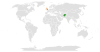 Location map for Afghanistan and the United Kingdom.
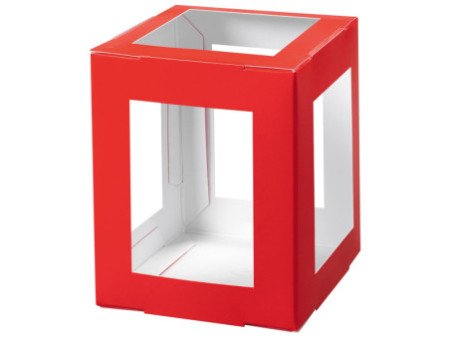 folia Pièces en carton pour mini lanterne, rouge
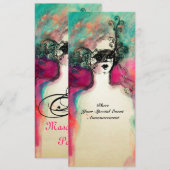 CHARM MONOGRAM Sweet 16 Maskeradefeest, Champagne Kaart (Voorkant / Achterkant)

● **YOUR INSTRUCTIONS**:
When you retype the material above, copy each line exactly and drop whatever images appear in it.

● **EXPECTED ANSWER**:
 Location map for Afghanistan and the United Kingdom.
 folia Pièces en carton pour mini lanterne, rouge
 CHARM MONOGRAM Sweet 16 Maskeradefeest, Champagne Kaart (Voorkant / Achterkant)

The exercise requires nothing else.